The functionality and inherent craft of 18th century fisherman's ganseys and the elegance of the pre-raphaelite women painted by J.W.Waterhouse inspired Hannah Stote’s romantic and whimsical first collection. Using 100% wool - with 75% of that wool coming from British sheep and spun in the UK - the collection was developed with a focus on reviving craft within fashion, with research featuring traditional gansey knitting patterns and experimenting with scale and texture to reinvent traditional knit stitches, such as cables, plaits and lace knitting.

The aim of the collection was to create thoughtful, timeless knitwear that embodies the values of slow fashion. All of her garments are designed to be zero waste in production and able to be easily recycled – each garment is fully fashioned on the machine, meaning the yarn is not broken (as it is when the cut and sew method is used) and can be unravelled and reclaimed, ready to be knitted into a new garment once my garment is no longer desired.

The use of a historical garment that is both beautiful and practical as inspiration also prompts a discussion into the value we place upon clothes and how that’s become distorted with the rise of fast fashion.

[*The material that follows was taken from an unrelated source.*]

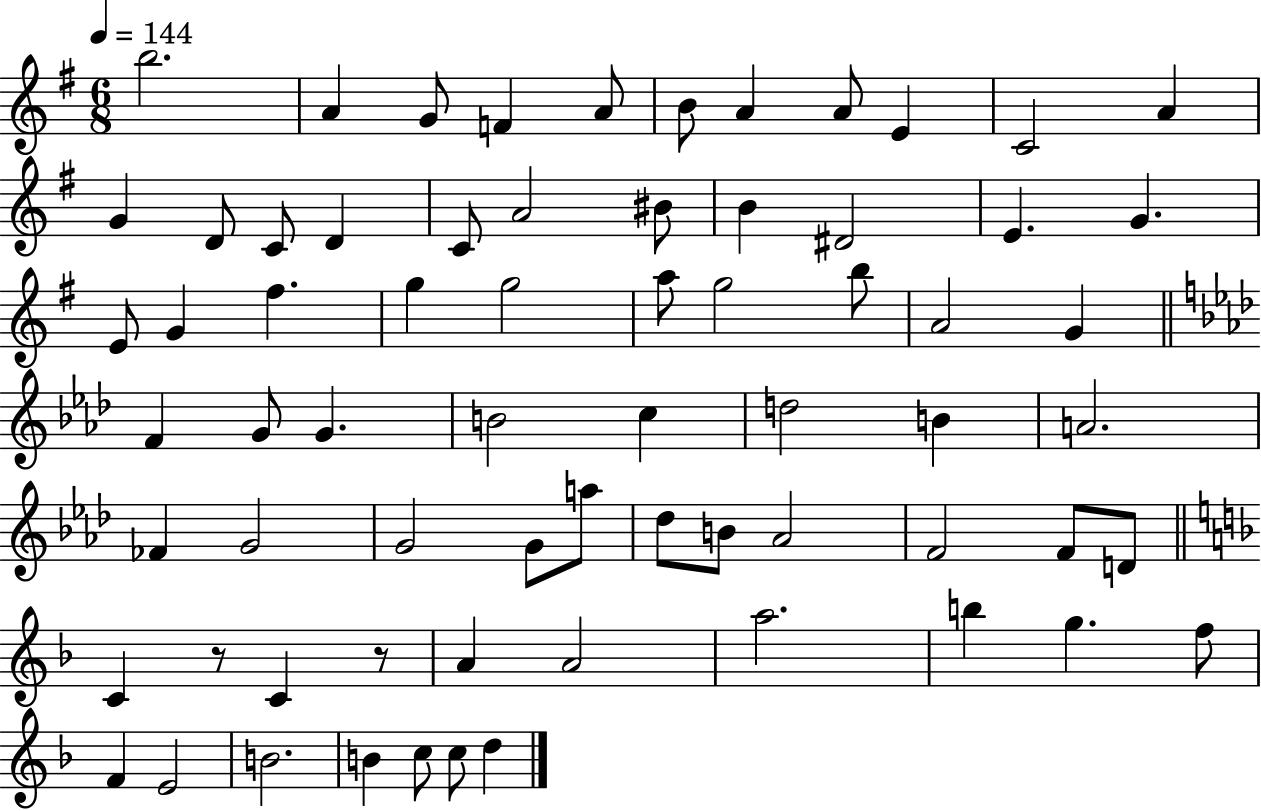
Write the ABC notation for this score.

The idea of keeping clothes for years, repairing them when needed then reusing them once no longer wanted needn’t be the antithesis to modern fashion.

Despite only learning how to machine knit nine months before she graduated, Hannah had the opportunity to show her final year collection in her university show at Graduate Fashion Week 2019 and was selected to be showcased in the Best of GFW Gala Show, where she was awarded the Catwalk Knitwear Award for her innovative and romantic collection.